The holidays are a time of immense celebration and excitement for most. The light displays and the decorated windows encourage us to be in good cheer as we bring in the Christmas season. But, for many people, the holidays hurt. They may be a painful reminder of loss and grief. Their hearts may be looking for ways to feel the depth of their pain in a world that seems to have continued on without them.
Grief is an incredibly personal process that doesn’t stop for the holidays. Whether we are grieving or walking alongside someone who is grieving, may we remember that those feelings are important and that it’s okay to be hurting this holiday. May we hold each other close as we walk through the painful seasons. And, may we look for the glimmers of hope in our daily lives that show that the light will return to us in time.
the ache lives.
Memories of you
like an old wound,
never fully healed.
Grief is heart-shattering and all-consuming, and in time, it settles into a deep ache. It’s still there, and the holidays can bring up so many memories—memories that remind us of that loved one but also of the hurt we feel in their absence. Whether you’re in the early stages of grief or the phase of deep aching, please don’t feel like you have to hide these feelings during the holidays. Confide in a friend or a loved one. Find a support group or a counselor. There are people who can walk alongside you in your grief. You don’t have to bear it alone.
This is the love
that you couldn’t take with you
It has been left to collect
in the pit of my chest
Too much for one body to keep
or carry alone
It weighs on me
that it is given a new name entirely
Feelings of loss are heavy on the broken-hearted, and we often are left to mourn the love that is left behind. The love was beautiful, and it is still beautiful, but it is different now. Take the time you need this holiday to allow yourself to reflect on it. You may need to skip some of the holiday traditions this year that feel too painful, but that doesn’t mean you’ll always need to do that. Be gentle with yourself as you’re learning to navigate your healing.
After the Fire
You ever think you could cry so hard
that there’d be nothing left in you, like
how the wind shakes a tree in a storm
until every part of it is run through with
wind? I live in the low parts now, most
days a little hazy with fever and waiting
for the water to stop shivering out of the
body. Funny thing about grief, its hold
is so bright and determined like a flame,
like something almost worth living for.
I found this piece so deeply moving and poignant. The imagery is a perfect representation of the way grief shakes us to our core, a whole-body experience of loss and transition. But, the last part of this poem reminds us to hold onto hope: the grief sweeps through us with such determination because it is necessary and vital. It hurts and it takes from us, but it also leads us back to the light.

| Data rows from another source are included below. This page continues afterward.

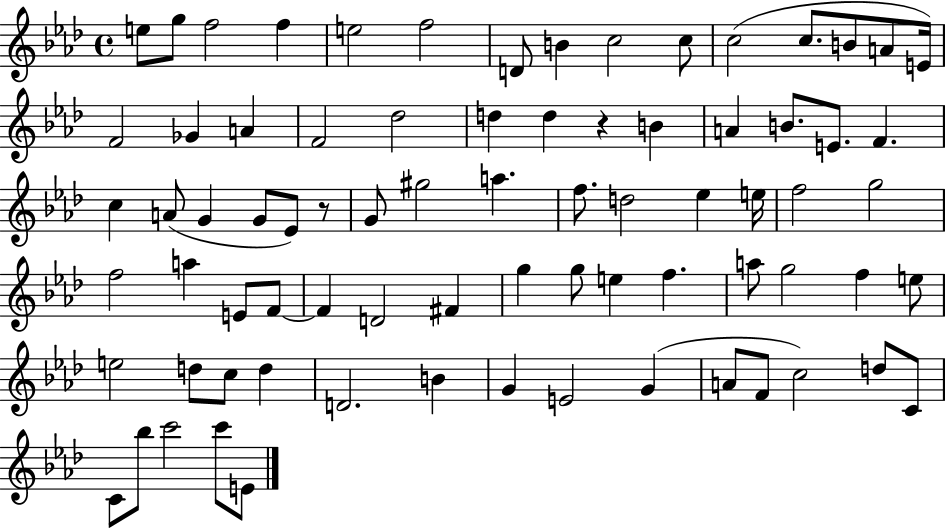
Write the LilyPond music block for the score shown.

{
  \clef treble
  \time 4/4
  \defaultTimeSignature
  \key aes \major
  e''8 g''8 f''2 f''4 | e''2 f''2 | d'8 b'4 c''2 c''8 | c''2( c''8. b'8 a'8 e'16) | \break f'2 ges'4 a'4 | f'2 des''2 | d''4 d''4 r4 b'4 | a'4 b'8. e'8. f'4. | \break c''4 a'8( g'4 g'8 ees'8) r8 | g'8 gis''2 a''4. | f''8. d''2 ees''4 e''16 | f''2 g''2 | \break f''2 a''4 e'8 f'8~~ | f'4 d'2 fis'4 | g''4 g''8 e''4 f''4. | a''8 g''2 f''4 e''8 | \break e''2 d''8 c''8 d''4 | d'2. b'4 | g'4 e'2 g'4( | a'8 f'8 c''2) d''8 c'8 | \break c'8 bes''8 c'''2 c'''8 e'8 | \bar "|."
}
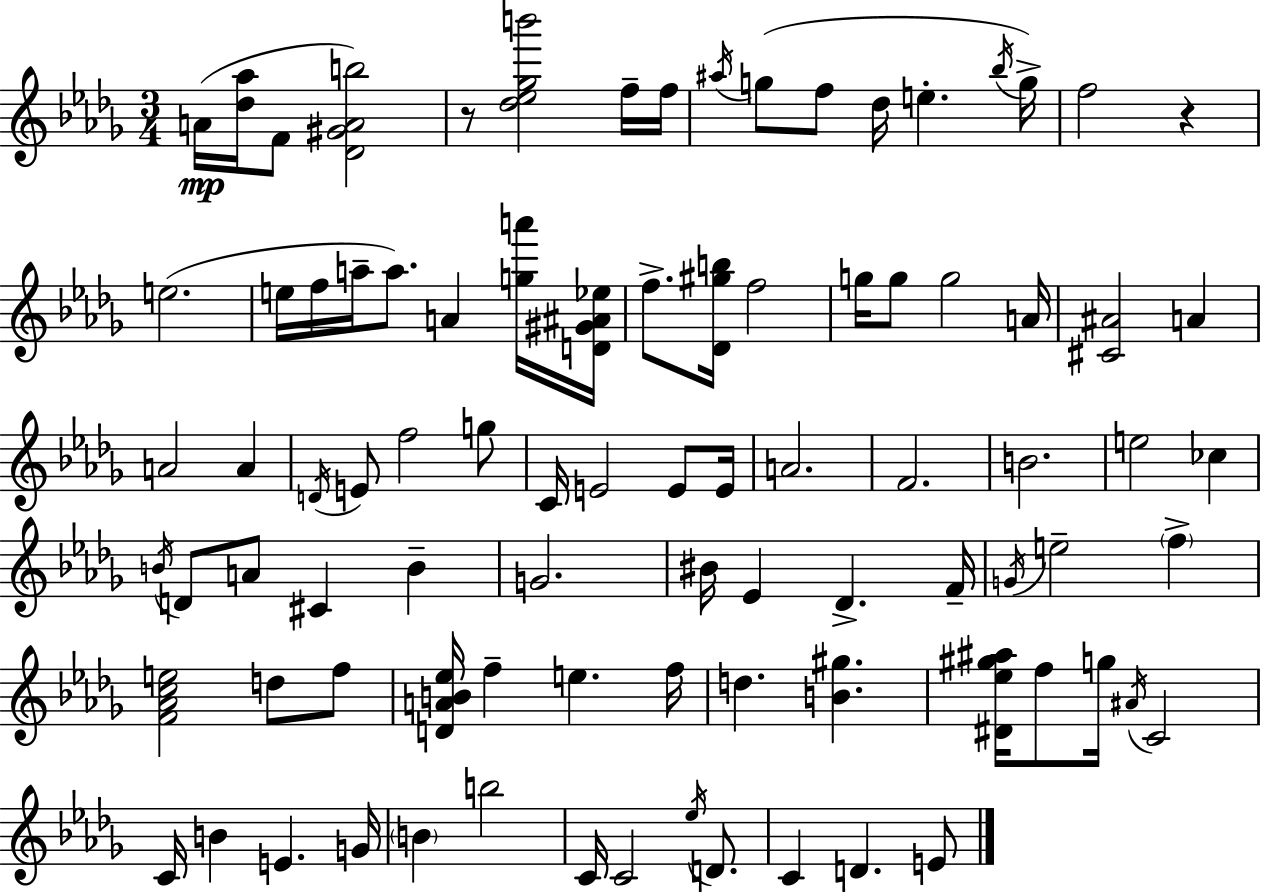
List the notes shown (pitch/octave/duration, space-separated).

A4/s [Db5,Ab5]/s F4/e [Db4,G#4,A4,B5]/h R/e [Db5,Eb5,Gb5,B6]/h F5/s F5/s A#5/s G5/e F5/e Db5/s E5/q. Bb5/s G5/s F5/h R/q E5/h. E5/s F5/s A5/s A5/e. A4/q [G5,A6]/s [D4,G#4,A#4,Eb5]/s F5/e. [Db4,G#5,B5]/s F5/h G5/s G5/e G5/h A4/s [C#4,A#4]/h A4/q A4/h A4/q D4/s E4/e F5/h G5/e C4/s E4/h E4/e E4/s A4/h. F4/h. B4/h. E5/h CES5/q B4/s D4/e A4/e C#4/q B4/q G4/h. BIS4/s Eb4/q Db4/q. F4/s G4/s E5/h F5/q [F4,Ab4,C5,E5]/h D5/e F5/e [D4,A4,B4,Eb5]/s F5/q E5/q. F5/s D5/q. [B4,G#5]/q. [D#4,Eb5,G#5,A#5]/s F5/e G5/s A#4/s C4/h C4/s B4/q E4/q. G4/s B4/q B5/h C4/s C4/h Eb5/s D4/e. C4/q D4/q. E4/e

Instructions on Not Giving Up
More than the fuchsia funnels breaking out
of the crabapple tree, more than the neighbor’s
almost obscene display of cherry limbs shoving
their cotton candy-colored blossoms to the slate
sky of Spring rains, it’s the greening of the trees
that really gets to me. When all the shock of white
and taffy, the world’s baubles and trinkets, leave
the pavement strewn with the confetti of aftermath,
the leaves come. Patient, plodding, a green skin
growing over whatever winter did to us, a return
to a strange idea of continuous living despite
the mess of us, the hurt, the empty. Fine then,
I’ll take it, the tree seems to say, a new slick leaf
unfurling like a fist to an open palm, I’ll take it all.
This poem was the perfect contrast to “After the Fire” because it is a continuation of its imagery and how it relates to grief. The green leaves return, and I especially love the line, “growing over whatever winter did to us, a return to the strange idea of continuous living despite the mess of us, the hurt, the empty.” While many celebrate the holidays, grief comes through like a harsh winter. But, the green leaves and the warmth will return, slowly, as the seasons change in your heart.
If you are grieving this holiday season, please know that you are seen. Please allow yourself to feel whatever you need to feel. It’s okay, and it’s necessary. Your feelings during this time are so valid. I hope that these poems can serve as a little glimmer of light in your healing process.